Made from the bark of the cork oak tree, it has a unique set of advantages and is so exceptional that no man-made product has yet been able to replicate its usefulness in many aspects of industry and society as a whole.

For instance, cork is 100% recyclable, biodegradable, very light, elastic, compressible, resilient and impermeable to liquids and gases. It is also fire retardant, highly abrasion-resistant and provides a very high level of thermal and acoustic insulation.

The cork industry is as old as the art of viticulture and Portugal is a leading producer of cork with some estimations suggesting that more than half the world’s supply comes from Europe’s sun-baked south-westernmost country. Neighbouring Spain is the second-largest producer.

The country’s 70 million-plus cork oaks grow mainly in the south, most notably the Algarve, Alentejo and Ribatejo regions. The trees grow to heights of up to 10 metres (just over 30 feet) and have an average lifespan of between 150 and 200 years, yielding cork 12 to 15 times in their lifetime.
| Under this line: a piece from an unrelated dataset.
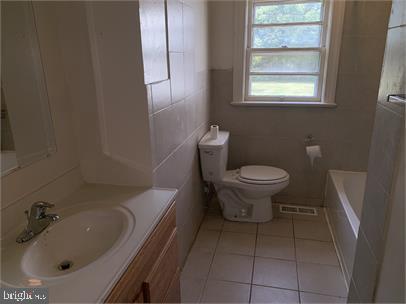 Building Photo - 11630 Ashby Dr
The cork can only be removed (or peeled) for the first time when the tree is at least twenty years old, sometimes more, after which it will take nine to twelve years to regrow its bark and therefore produce more cork.

Following a harvest, a number is written on the tree’s trunk, such as 25 which would indicate that the new bark won’t be ready for removal until 2034, for instance.

A very common sight for visitors travelling through southern Portugal are the bare, tangerine-coloured trunks of the many cork oaks, now a characteristic feature of the country’s landscape.

At the height of summer when the trunk has shrunk away from the gnarled, dull-grey outer skin, local workmen begin stripping the bark using special axes ground to razor sharpness, leaving the bare trunk exposed. Sap from the remaining live bark (only dead bark is removed) then turns russet in the bright sunlight, slowly darkening as time goes by.

The production of cork in Portugal

After the harvest, the cork bark is stacked, dried for at least three months (sometimes up to a year) and then taken to cork factories to be processed, first through boiling (to eliminate bugs and remove mineral salts and tannins), followed by pressing, slicing and sorting, depending on how it will be used.

Cork is perfectly suited for storing wine and winemakers the world over generally agree that no other material is more efficient for that purpose, despite the introduction of less reliable synthetic stoppers in recent years.

Many of Portugal’s most popular wines, namely port, Madeira and muscatel, not to mention a plethora of table wines, benefit greatly from cork because the bottles can be stored lying down, which keeps the cork moist and the bottle airtight.

And besides wine, wherever the cork oak grows, a local craft has been developed, such as the making of hand-produced bags, belts, key rings, boxes and dozens of other items sold at fairs and markets all over the country.

On an industrial scale, Portugal’s vast amount of high-quality cork is graded into around fifty different categories for a wide variety of uses, including floats, sound-proofing, containers for radioactive materials, beehives, insulation boards and last but not least, bottle stoppers.

Portuguese cork is also used in aircraft, for gaskets in the automobile industry, in the girders of buildings, ventilation ducts and even the air-conditioning systems of nuclear submarines.

Housed in an old cork factory, the Fábrica do Inglês (currently under development) in the ancient Moorish town of Silves (indicated on the Google map below) in the western Algarve is a good indication of the region’s importance as a cork-production centre in days gone by.